§ WORK INSTRUCTIONS: Without including any pictures, reproduce the full listing exactly.

§ PROVIDED DATA:

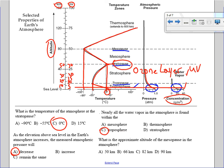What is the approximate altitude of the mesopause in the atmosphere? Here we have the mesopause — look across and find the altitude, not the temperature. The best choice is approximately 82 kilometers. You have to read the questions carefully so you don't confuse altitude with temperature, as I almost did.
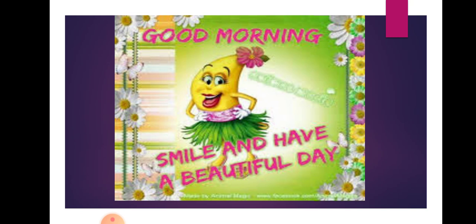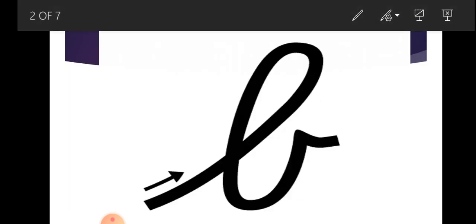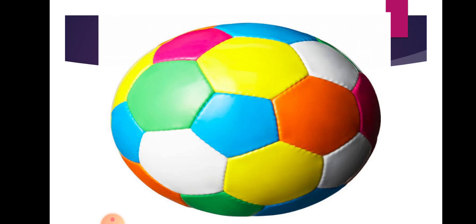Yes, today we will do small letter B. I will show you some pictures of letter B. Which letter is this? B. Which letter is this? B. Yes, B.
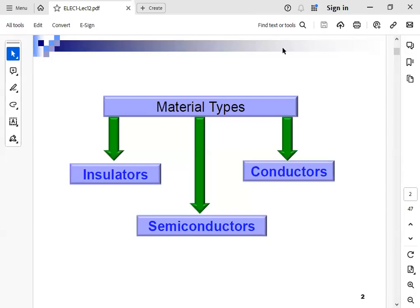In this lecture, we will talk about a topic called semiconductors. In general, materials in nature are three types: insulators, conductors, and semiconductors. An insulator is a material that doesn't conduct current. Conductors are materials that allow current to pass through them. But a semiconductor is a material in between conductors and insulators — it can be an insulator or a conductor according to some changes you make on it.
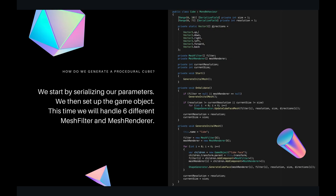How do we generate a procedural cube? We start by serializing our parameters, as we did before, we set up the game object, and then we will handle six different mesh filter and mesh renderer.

§ RESPONSE TO THE TASK:
What is the approximate altitude of the mesopause in the atmosphere? Here we have the mesopause — look across and find the altitude, not the temperature. The best choice is approximately 82 kilometers. You have to read the questions carefully so you don't confuse altitude with temperature, as I almost did.
Yes, today we will do small letter B. I will show you some pictures of letter B. Which letter is this? B. Which letter is this? B. Yes, B.
In this lecture, we will talk about a topic called semiconductors. In general, materials in nature are three types: insulators, conductors, and semiconductors. An insulator is a material that doesn't conduct current. Conductors are materials that allow current to pass through them. But a semiconductor is a material in between conductors and insulators — it can be an insulator or a conductor according to some changes you make on it.
How do we generate a procedural cube? We start by serializing our parameters, as we did before, we set up the game object, and then we will handle six different mesh filter and mesh renderer.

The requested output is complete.